Оливия кивнула, часто моргая за темными стеклами очков, и ответила: «Буду рада».
Преступница
В то утро Ребекка Браун украла журнал, несмотря на то что Ребекка вообще-то не относилась к тому типу людей, что склонны красть вещи. Вообще-то Ребекка даже мыло из туалета в мотеле у шоссе № 1 никогда бы не взяла и даже подумать не могла бы о том, чтобы забрать полотенца. Так уж ее воспитали. По правде говоря, Ребекку воспитали так, чтобы она не смела делать очень многого, однако она многое из запретных вещей все же делала, кроме воровства, — такого она не делала никогда. Тем не менее в городе Мейзи-Миллз, в холодной белизне докторской приемной, Ребекка украла журнал. В нем был напечатан рассказ, который ей хотелось дочитать, и она подумала: «Это всего лишь приемная врача и всего лишь журнал, так что фактически это не так уж страшно».
Рассказ был про обыкновенного лысеющего, как бы потерявшего форму человека, который каждый день приходил домой в перерыв, чтобы съесть свой ланч, и сидел за столом
Так что, когда медсестра открыла застекленное окошечко и вызвала очередного пациента, Ребекка свернула журнал трубочкой и незаметно сунула его в свой рюкзачок. Ей не стало из-за этого стыдно. Наоборот, она с удовольствием думала, когда садилась в автобус, что сможет дочитать этот рассказ до конца.
Но жена того человека хотела от жизни большего, чем субботние поездки в скобяную лавку и сэндвичи каждый день, просто потому, что подкатило время ланча: к концу рассказа жена упаковала вещички и ушла, а человек перестал приходить домой в перерыв. Он просто сидел у себя в конторе, но никакого ланча уже не ел. Когда Ребекка закончила читать, она почувствовала приступ тошноты: она была не из тех людей, кому следовало читать в автобусе. Автобус завернул за угол, и журнал упал на пол, а когда Ребекка его подняла, он открылся на картинке с рекламой мужской рубашки. Рубашка походила на блузу художника, присборенную на груди и вроде бы расклешенную книзу. Ребекка повертела журнал в руках, поглядела на рекламу внимательнее. Когда она выходила из автобуса, она уже приняла решение заказать эту рубашку для Дэвида.

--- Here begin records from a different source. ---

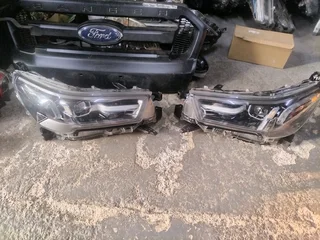 2021-2023 TOYOTA HILUX LEGEND BOTH SIDE XENON HEADLIGHT FOR SALE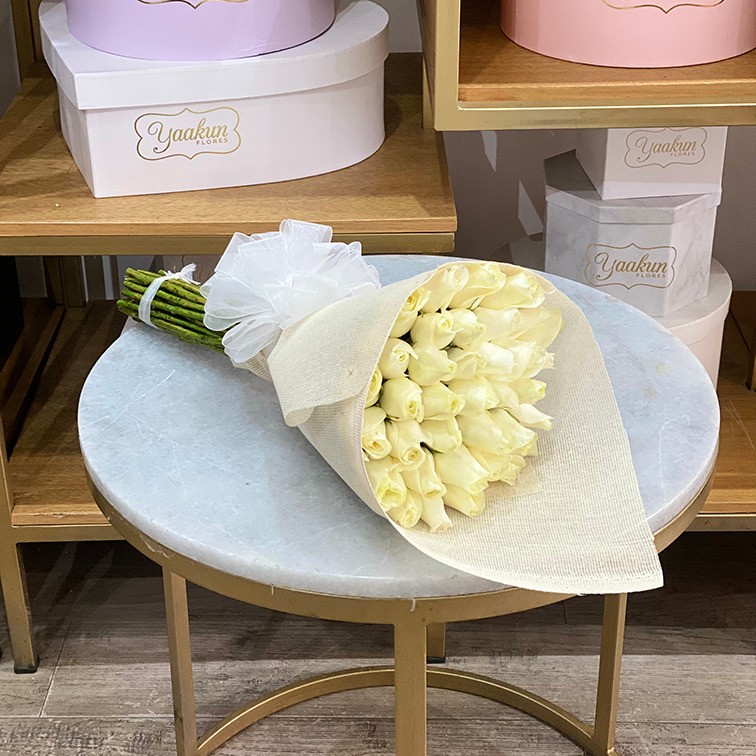 Ramo de 36 rosas blancas con yute y moño blanco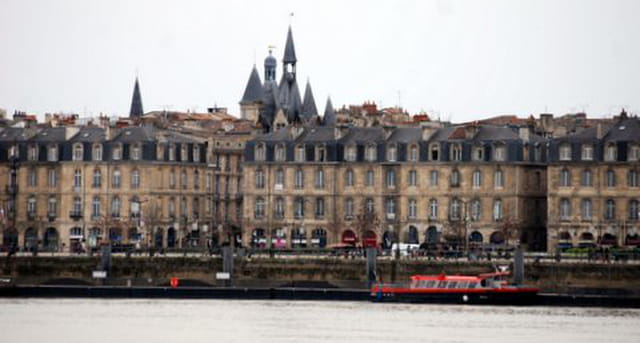 Bordeaux vu de la rive gauche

— Вы просто в нее влюбитесь, — сказала ей женщина по телефону. — Она вся шита вручную и всякое такое. Красивая рубашка.
Междугородный номер был бесплатный — через 800, а женщина, принимавшая заказ, говорила с южным акцентом. Ребекке подумалось, что слышать ее голос — все равно что войти в телевизионную рекламу стирального порошка, где лучи солнца льются в окно и падают на сверкающий пол.
— Ну-ка, давайте посмотрим, — продолжала женщина. — Они идут во всех размерах — «смол», «медиум» и «лардж»… Ох, милочка, мне придется попросить вас подождать.
— Это ничего, — ответила Ребекка.
Когда она ехала в автобусе домой, она почувствовала, что у нее в животе как будто оказался мокрый воздушный шарик, слипшийся боками, так что она прижала телефонную трубку плечом к уху и потянулась через стойку за ложкой для маалокса. Маалокс липнет ко всему, на что бы ни попадал. Ложку от него даже в посудомойку не положишь — тогда стаканы выходят оттуда все в белых пятнышках. У них была разливная ложка, которую Дэвид назвал маалоксной ложкой, и она всегда лежала в уголке у раковины. Ребекка стояла там, облизывая маалоксную ложку, когда вдруг у нее в голове раздался голос отца. Раздался у нее в голове, но прозвучал ясно, словно колокол. «Мне отвратителен человек, который ворует», — произнес он.
В тот день, когда умер отец, Ребекка прочла в одном журнале про женщину-экстрасенса, помогавшую полиции раскрывать убийства. Женщина объясняла, что она способна делать это, потому что читает мысли умерших, что у мертвых есть мысли даже после смерти.
— Простите меня за задержку, — извинилась женщина с южным акцентом.
— Все нормально, — ответила Ребекка.
— Итак, — сказала женщина, — где ваш муж шире — в плечах или в области живота?
— Он мне не муж, — призналась Ребекка. — Не совсем. Я хочу сказать — он мой друг.